A Chiomonte apre il primo cantiere. Ma è dei No Tav
[ da LaStampa-.Maurizio Tropeano]
Un «fortino» nella zona scavi Il Pdl: intervenga Maroni
[singlepic id=388 w=320 h=240 float=left]Alla Maddalena di Chiomonte i lavori vanno avanti senza sosta. Pietre, cemento, griglie di ferro. I tronchi di larice, che serviranno per fare il tetto, sono già stati accatastati. Nel cuore del primo cantiere italiano della Torino-Lione, però, picconi, carriole e betoniera sono nelle mani dei volontari del movimento No Tav. Giorno dopo giorno prende forma quello che loro chiamano «fortino», ma che altro non è che una baita di montagna con i muri di pietra spessi una cinquantina di centimetri.
In pochi giorni è stata gettata la soletta del pavimento, rialzata di una decina di centimetri da terra. E mani esperte hanno iniziato a costruire il muro perimetrale di pietre e cemento lungo sei metri e largo quattro. Per ora il muro è alto circa un metro e questo ha permesso di piazzare i pannelli isolanti – «arrivano da un capannone che dovrà essere abbattuto e il proprietario li ha ceduti gratuitamente», racconta Francesco del comitato di lotta popolare di Bussoleno -, che dovrebbero permettere di contenere la dispersione del calore.
La baita sorge su un terreno di circa mille metri quadrati di proprietà del movimento No Tav. La manodopera è gratuita – un paio di persone durante la settimana e venti-trenta nei weekend -, così come la gran parte delle materie prime, pietre e legname recuperato nei boschi di castagno. Il resto viene acquistato con i soldi delle donazioni e dell’autofinanziamento. Il tetto dovrebbe essere ultimato in quattro, cinque settimane. Condizionale d’obbligo, sia perché c’è di mezzo il fattore atmosferico, sia perché la costruzione del nuovo presidio è stato portata all’attenzione del ministro dell’Interno, Roberto Maroni.
Agostino Ghiglia, vice-coordinatore regionale del Pdl, ha presentato un’interrogazione parlamentare per chiedere di rimuovere «su invito del Prefetto le baracche e le strutture abusive costruite dai gruppi No Tav, senza autorizzazioni da parte degli Uffici tecnici comunali e in aree vincolate e trasformate in presidi permanenti del Movimento». Il parlamentare del Pdl ha allegato all’interrogazione un dossier fotografico dei vari presidi e nell’interrogazione sottolinea anche come «le strutture di cemento siano state costruite senza alcuna concessione urbanistica da parte dei Comuni». Il governo, dunque, deve «intervenire per far rispettare la legalità, perché non ci possono essere cittadini che pensino di essere legibus solutus». Nell’interrogazione, Ghiglia chiede anche al ministro dell’Interno di «rimuovere bandiere e pennoni sulle illuminazioni pubbliche e a ridosso della tangenziale».

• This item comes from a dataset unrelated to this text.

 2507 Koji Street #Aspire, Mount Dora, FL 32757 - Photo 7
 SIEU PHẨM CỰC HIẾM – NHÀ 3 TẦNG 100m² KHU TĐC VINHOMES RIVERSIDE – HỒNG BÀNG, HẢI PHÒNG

La notizia dell’interrogazione parlamentare non blocca il lavoro nel cantiere No Tav. Come si fa a costruire senza permesso? «Pietra dopo pietra – risponde Francesco -, recuperando e ripulendo questo pezzo di bosco dimenticato». Mentre parla, mostra il castagno secolare messo in sicurezza e le aree liberate dai tronchi abbattuti. Continua: «Recuperiamo il bosco, ripuliamo il Clarea e difendiamo il nostro territorio da una grande opera che è costosa e dannosa».